### What is needed
Both the line below containing "STLFMini Waterproof 4G" and the line containing "10 E 12th St, Atlantic, IA 50022 photo 54", along with every line between them, should be repeated exactly; no other line belongs in the answer.

### Data supplied
= = =

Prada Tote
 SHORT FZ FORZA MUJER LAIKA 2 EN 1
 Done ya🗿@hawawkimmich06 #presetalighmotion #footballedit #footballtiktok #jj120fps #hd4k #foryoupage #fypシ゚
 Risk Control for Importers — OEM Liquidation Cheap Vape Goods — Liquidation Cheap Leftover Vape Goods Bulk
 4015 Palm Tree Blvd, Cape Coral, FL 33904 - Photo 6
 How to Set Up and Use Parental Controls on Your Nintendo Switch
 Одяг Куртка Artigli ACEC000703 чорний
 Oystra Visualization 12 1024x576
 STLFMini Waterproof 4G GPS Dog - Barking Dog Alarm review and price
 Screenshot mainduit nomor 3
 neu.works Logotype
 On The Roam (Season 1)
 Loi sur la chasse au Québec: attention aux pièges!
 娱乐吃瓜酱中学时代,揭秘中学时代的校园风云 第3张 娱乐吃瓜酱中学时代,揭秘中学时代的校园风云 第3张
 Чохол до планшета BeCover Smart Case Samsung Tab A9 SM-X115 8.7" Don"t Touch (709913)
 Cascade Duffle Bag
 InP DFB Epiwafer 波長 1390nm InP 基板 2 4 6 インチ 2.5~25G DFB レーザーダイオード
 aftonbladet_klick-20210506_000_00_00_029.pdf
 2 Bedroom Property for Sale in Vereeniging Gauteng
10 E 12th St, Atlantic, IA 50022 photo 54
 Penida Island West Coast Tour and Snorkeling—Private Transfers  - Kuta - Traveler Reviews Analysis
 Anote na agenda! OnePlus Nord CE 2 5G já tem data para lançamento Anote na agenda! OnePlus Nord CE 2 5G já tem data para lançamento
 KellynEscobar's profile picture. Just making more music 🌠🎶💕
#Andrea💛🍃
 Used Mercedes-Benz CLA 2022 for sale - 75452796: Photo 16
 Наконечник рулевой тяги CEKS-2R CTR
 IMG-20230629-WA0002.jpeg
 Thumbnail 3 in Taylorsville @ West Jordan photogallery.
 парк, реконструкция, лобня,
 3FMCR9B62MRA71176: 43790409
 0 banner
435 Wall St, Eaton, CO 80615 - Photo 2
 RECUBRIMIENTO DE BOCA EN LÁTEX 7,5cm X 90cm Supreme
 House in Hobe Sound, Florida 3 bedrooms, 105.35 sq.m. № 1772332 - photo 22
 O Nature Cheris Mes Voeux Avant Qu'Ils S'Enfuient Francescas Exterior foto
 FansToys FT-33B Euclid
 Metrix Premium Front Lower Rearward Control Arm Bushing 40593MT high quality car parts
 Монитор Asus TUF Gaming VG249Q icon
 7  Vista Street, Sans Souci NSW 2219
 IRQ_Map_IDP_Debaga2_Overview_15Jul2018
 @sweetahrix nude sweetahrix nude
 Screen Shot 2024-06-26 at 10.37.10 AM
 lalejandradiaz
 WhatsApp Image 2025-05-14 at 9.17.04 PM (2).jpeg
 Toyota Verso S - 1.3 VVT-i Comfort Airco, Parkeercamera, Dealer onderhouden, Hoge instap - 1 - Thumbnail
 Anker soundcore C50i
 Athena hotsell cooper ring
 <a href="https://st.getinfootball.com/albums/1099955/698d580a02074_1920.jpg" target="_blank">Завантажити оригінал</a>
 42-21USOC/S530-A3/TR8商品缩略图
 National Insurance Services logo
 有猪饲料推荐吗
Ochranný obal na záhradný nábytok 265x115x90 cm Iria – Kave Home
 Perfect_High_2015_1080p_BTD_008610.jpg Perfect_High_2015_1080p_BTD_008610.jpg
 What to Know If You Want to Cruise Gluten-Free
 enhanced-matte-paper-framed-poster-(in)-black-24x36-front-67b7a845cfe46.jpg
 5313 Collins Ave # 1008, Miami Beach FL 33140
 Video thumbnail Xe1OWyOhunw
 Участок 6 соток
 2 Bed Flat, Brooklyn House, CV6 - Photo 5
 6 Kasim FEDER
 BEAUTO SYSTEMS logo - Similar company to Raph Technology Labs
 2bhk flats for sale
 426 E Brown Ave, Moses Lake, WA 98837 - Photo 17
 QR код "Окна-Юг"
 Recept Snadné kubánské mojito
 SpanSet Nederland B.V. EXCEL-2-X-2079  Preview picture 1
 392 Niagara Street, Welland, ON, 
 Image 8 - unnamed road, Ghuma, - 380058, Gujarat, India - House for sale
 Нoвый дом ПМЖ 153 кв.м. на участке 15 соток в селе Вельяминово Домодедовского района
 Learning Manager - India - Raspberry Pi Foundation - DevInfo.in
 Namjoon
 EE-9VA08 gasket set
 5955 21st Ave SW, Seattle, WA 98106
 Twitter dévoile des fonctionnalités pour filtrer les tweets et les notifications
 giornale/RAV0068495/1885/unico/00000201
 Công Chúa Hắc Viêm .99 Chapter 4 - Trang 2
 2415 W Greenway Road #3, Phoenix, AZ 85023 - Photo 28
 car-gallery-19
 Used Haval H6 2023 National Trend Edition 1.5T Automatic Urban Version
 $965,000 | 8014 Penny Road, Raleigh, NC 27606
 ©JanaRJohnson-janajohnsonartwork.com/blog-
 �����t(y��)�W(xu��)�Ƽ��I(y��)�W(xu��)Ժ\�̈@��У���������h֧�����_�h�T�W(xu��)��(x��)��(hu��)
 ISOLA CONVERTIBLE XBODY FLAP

= = =

### Reply to the exercise
 STLFMini Waterproof 4G GPS Dog - Barking Dog Alarm review and price
 Screenshot mainduit nomor 3
 neu.works Logotype
 On The Roam (Season 1)
 Loi sur la chasse au Québec: attention aux pièges!
 娱乐吃瓜酱中学时代,揭秘中学时代的校园风云 第3张 娱乐吃瓜酱中学时代,揭秘中学时代的校园风云 第3张
 Чохол до планшета BeCover Smart Case Samsung Tab A9 SM-X115 8.7" Don"t Touch (709913)
 Cascade Duffle Bag
 InP DFB Epiwafer 波長 1390nm InP 基板 2 4 6 インチ 2.5~25G DFB レーザーダイオード
 aftonbladet_klick-20210506_000_00_00_029.pdf
 2 Bedroom Property for Sale in Vereeniging Gauteng
10 E 12th St, Atlantic, IA 50022 photo 54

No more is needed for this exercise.